NeMo
NeMo copied to clipboard
[NMT] Unable to run `megatron_nmt_training.py`
Describe the bug
Trying to run megatron_nmt_training.py, with conf/aayn_base_megatron.yml initialization crashes with the following trace:
Traceback (most recent call last):
File "examples/nlp/machine_translation/megatron_nmt_training.py", line 95, in <module>
main()
File "/workspace/nemo/nemo/core/config/hydra_runner.py", line 104, in wrapper
_run_hydra(
File "/ceph/hpc/home/ilb/.local/lib/python3.8/site-packages/hydra/_internal/utils.py", line 377, in _run_hydra
run_and_report(
File "/ceph/hpc/home/ilb/.local/lib/python3.8/site-packages/hydra/_internal/utils.py", line 214, in run_and_report
raise ex
File "/ceph/hpc/home/ilb/.local/lib/python3.8/site-packages/hydra/_internal/utils.py", line 211, in run_and_report
return func()
File "/ceph/hpc/home/ilb/.local/lib/python3.8/site-packages/hydra/_internal/utils.py", line 378, in <lambda>
lambda: hydra.run(
File "/ceph/hpc/home/ilb/.local/lib/python3.8/site-packages/hydra/_internal/hydra.py", line 111, in run
_ = ret.return_value
File "/ceph/hpc/home/ilb/.local/lib/python3.8/site-packages/hydra/core/utils.py", line 233, in return_value
raise self._return_value
File "/ceph/hpc/home/ilb/.local/lib/python3.8/site-packages/hydra/core/utils.py", line 160, in run_job
ret.return_value = task_function(task_cfg)

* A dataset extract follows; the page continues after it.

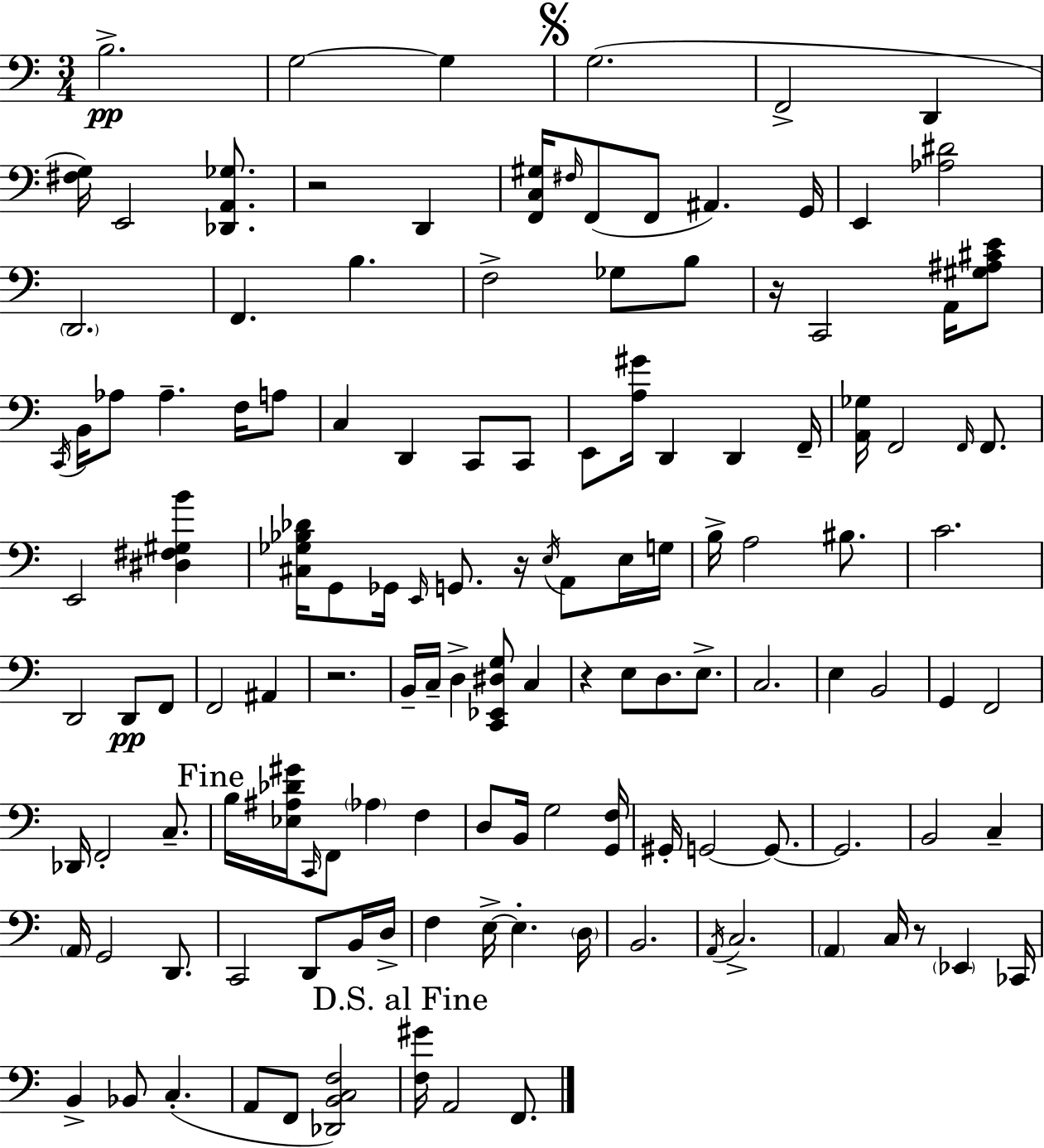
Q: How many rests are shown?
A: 6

File "examples/nlp/machine_translation/megatron_nmt_training.py", line 68, in main
MTDataPreproc(cfg=cfg.model, trainer=trainer)
File "/workspace/nemo/nemo/collections/nlp/data/machine_translation/preproc_mt_data.py", line 172, in __init__
encoder_model_name=cfg.encoder.get('model_name'),
File "/ceph/hpc/home/ilb/.local/lib/python3.8/site-packages/omegaconf/dictconfig.py", line 357, in __getattr__
self._format_and_raise(key=key, value=None, cause=e)
File "/ceph/hpc/home/ilb/.local/lib/python3.8/site-packages/omegaconf/base.py", line 190, in _format_and_raise
format_and_raise(
File "/ceph/hpc/home/ilb/.local/lib/python3.8/site-packages/omegaconf/_utils.py", line 738, in format_and_raise
_raise(ex, cause)
File "/ceph/hpc/home/ilb/.local/lib/python3.8/site-packages/omegaconf/_utils.py", line 716, in _raise
raise ex.with_traceback(sys.exc_info()[2]) # set end OC_CAUSE=1 for full backtrace
File "/ceph/hpc/home/ilb/.local/lib/python3.8/site-packages/omegaconf/dictconfig.py", line 351, in __getattr__
return self._get_impl(key=key, default_value=_DEFAULT_MARKER_)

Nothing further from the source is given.